Here is Claude+ code in Python:

def shortestPalindrome(self, s: str) -> str:
        n = len(s)
        # Find the longest suffix that is a palindrome
        suffix = ''
        for i in range(n-1, -1, -1):
            if s[-i:] == s[-i:][::-1]:
                suffix = s[-i:]
                break
                
        # Find the longest prefix that is a palindrome
        prefix = ''
        for i in range(n):
            if s[:i+1] == s[:i+1][::-1]:
                prefix = s[:i+1]
                break  
                
        # The palindrome is prefix + suffix + reverse of rest of the string
        return prefix + suffix + s[:n-len(prefix)-len(suffix)][::-1] + s[n-len(prefix)-len(suffix):]

The code does not pass the submission test. Only 1/121 test passed. Ouch. This one seemed promising, but looks like Claude is not that well suited for programming.

Bard: The AI Bot from Google

Now we move on to Bard. Like many of the others, Bard was recently released. Although its been mocked and laughed at let’s see how it fairs up with it coding. After all Google is one of the leading tech companies in AI.

Here is the Bard’s code for solving the problem:

def shortestPalindrome(self, s):
        lps = [0] * len(s)
        for i in range(1, len(s)):
            j = lps[i - 1]
            while j > 0 and s[i] != s[j]:
                j = lps[j - 1]
            if s[i] == s[j]:
                j += 1
            lps[i] = j
        
        palindrome = ""
        i = len(s) - 1
        
        while i >= 0:
            if lps[i] == 0:
                palindrome = s[i] + palindrome
            else:
                palindrome = s[i:lps[i]] + palindrome
            i = lps[i] - 1
        return palindrome

So to start off I had to manually insert the “self” arg in the function, since Bard didn’t include it. From the result of the test, Bard’s code did not pass the submission test. Passing only 2/121 test cases. An unfortunate result, but it’s safe to say for now Bard isn’t much of a coding expert.

GitHub Co-Pilot

Although not technically similar to the rest, we thought we’d include co-pilot on this list to see how it stacks up to the rest. Co-pilot is the most popular coding assistant as of now and is now being used by over a million developers.

I will start by creating a comment on VSCode and asking it to solve the same leetcode question.
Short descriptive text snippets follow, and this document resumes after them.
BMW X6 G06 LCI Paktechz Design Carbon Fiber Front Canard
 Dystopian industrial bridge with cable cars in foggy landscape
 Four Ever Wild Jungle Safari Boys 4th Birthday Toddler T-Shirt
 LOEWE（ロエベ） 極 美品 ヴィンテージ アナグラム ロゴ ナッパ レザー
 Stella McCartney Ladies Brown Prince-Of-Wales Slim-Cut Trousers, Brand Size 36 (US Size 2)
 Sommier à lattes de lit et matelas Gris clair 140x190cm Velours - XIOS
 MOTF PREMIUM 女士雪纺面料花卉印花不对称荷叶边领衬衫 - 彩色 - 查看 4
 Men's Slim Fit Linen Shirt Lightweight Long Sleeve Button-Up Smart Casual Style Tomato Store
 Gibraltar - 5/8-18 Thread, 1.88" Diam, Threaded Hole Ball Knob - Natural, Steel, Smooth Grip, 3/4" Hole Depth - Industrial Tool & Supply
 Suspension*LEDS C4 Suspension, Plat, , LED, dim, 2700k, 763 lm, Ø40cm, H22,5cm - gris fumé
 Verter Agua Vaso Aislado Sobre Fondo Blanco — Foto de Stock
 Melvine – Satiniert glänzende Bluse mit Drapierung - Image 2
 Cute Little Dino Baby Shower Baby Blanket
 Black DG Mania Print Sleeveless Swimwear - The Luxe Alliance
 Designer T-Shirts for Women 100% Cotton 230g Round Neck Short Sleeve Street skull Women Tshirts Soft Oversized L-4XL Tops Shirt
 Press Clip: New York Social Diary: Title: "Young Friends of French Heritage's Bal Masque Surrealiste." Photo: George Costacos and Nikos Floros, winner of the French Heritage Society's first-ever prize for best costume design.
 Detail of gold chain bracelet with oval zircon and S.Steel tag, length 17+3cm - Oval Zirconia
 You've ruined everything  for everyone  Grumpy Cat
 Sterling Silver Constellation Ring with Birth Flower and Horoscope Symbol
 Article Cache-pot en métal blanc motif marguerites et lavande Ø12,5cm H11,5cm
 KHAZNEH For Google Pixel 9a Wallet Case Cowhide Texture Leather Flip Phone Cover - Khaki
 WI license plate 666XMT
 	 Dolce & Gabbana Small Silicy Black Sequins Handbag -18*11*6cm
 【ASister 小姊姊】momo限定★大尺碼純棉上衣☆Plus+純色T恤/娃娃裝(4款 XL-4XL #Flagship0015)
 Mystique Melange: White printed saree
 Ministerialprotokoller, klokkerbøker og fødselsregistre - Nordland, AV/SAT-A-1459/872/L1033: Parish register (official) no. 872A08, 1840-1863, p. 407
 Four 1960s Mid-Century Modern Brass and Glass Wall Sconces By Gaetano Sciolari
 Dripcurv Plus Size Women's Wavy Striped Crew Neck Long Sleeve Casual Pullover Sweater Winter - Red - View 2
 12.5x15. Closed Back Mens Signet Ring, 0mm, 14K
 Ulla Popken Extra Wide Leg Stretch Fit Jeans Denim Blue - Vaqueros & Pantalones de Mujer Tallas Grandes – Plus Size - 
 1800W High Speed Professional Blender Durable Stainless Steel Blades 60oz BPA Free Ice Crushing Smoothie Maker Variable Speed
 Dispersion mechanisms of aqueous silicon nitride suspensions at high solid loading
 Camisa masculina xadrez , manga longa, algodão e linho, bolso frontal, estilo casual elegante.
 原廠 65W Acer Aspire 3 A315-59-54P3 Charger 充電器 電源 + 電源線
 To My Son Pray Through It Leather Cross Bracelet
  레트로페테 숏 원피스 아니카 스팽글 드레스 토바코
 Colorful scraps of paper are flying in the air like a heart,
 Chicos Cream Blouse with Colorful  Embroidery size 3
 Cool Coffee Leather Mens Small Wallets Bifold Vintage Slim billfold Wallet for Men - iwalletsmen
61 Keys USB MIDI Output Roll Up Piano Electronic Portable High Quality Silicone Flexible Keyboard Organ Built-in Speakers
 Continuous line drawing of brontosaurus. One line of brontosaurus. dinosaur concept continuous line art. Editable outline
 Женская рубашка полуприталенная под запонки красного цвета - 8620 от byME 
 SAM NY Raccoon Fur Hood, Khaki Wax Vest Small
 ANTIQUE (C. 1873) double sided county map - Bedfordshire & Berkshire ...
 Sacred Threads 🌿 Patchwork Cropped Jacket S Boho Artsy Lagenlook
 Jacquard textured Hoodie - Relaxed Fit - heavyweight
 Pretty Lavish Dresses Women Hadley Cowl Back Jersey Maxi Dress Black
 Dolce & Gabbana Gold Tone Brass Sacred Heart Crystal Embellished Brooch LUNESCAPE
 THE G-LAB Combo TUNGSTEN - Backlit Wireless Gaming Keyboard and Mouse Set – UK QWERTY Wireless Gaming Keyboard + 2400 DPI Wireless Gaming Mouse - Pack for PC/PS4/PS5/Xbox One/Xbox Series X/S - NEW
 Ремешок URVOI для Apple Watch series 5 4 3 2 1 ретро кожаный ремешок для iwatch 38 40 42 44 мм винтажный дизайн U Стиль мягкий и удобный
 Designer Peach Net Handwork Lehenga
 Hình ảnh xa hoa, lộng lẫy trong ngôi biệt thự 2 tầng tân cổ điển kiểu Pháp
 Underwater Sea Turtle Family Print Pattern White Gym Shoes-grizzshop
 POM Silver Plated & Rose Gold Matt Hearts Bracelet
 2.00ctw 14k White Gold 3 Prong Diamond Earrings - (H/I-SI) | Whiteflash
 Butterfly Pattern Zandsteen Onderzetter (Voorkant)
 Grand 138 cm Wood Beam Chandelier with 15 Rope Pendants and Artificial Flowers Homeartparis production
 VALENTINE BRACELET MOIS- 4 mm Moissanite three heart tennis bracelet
Here is the code Co-Pilot returned:

 def shortestPalindrome(self, s: str) -> str:
        if not s:
            return s
        n = len(s)
        for i in range(n-1, -1, -1):
            if s[:i+1] == s[:i+1][::-1]:
                return s[i+1:][::-1] + s
        return s

This passes all the test. It scored better than 30% of submissions on runtime and 37% on memory.

Conclusion

All in all it seems that Bing has the underhand here all together. Ironically Bing and Co-Pilot are powered by GPT under the hood. I gave the AI’s all the same prompt, “Solve Leetcode 214. Shortest Palindrome”. Of course I could have asked it follow up questions, but I wanted to get the first response only. It is also unclear if any of these models have been per-trained on leetcode data. I only tested these since as of April 2023 they seem to be the most effective at programming. There are some open source models such as Alpaca, Llama, Vicuna, GPT-J, but so far none of them seem to come close to the closed source models. What are your thoughts? Which have you had best experience with programming and what have you found effect when it comes to prompting?